Task material:

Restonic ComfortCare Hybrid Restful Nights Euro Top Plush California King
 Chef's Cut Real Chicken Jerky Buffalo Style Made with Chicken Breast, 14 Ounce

--

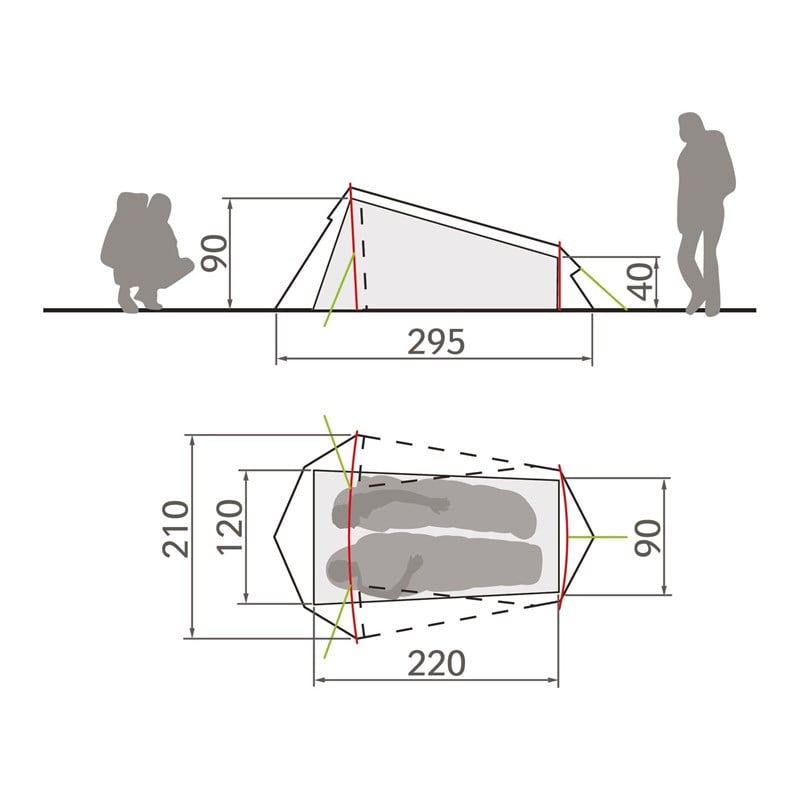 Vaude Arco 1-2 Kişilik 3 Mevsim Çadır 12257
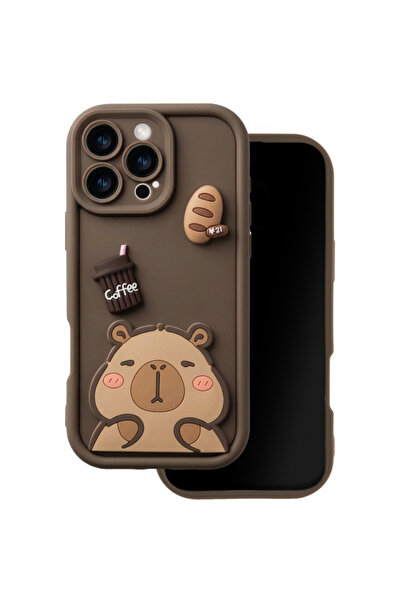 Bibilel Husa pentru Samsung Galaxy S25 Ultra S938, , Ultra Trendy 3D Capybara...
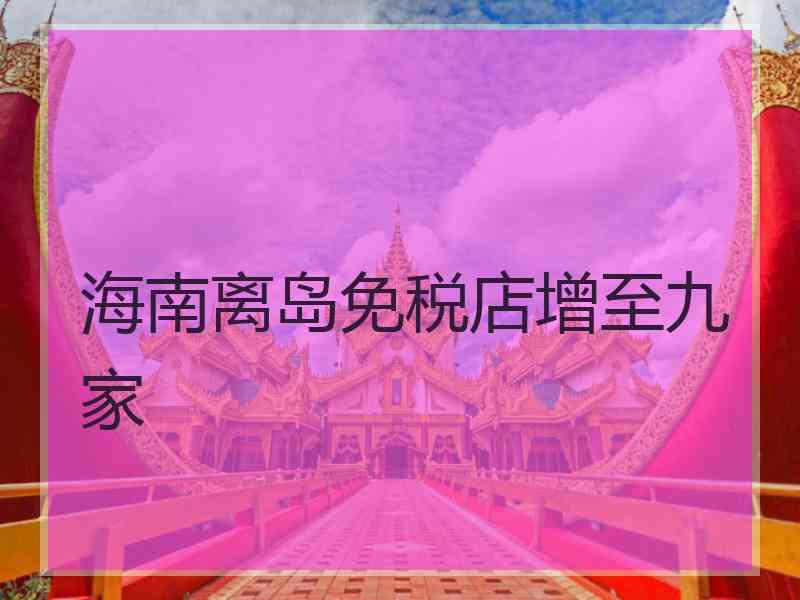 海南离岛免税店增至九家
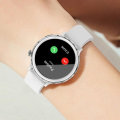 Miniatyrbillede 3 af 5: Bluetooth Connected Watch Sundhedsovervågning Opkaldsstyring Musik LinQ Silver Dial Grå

Assignment: Once you reach the line with "Restonic ComfortCare Hybrid" in the data above, copy it and every line after it exactly, up to and including the line with "Chef's Cut Real".

Expected output:
Restonic ComfortCare Hybrid Restful Nights Euro Top Plush California King
 Chef's Cut Real Chicken Jerky Buffalo Style Made with Chicken Breast, 14 Ounce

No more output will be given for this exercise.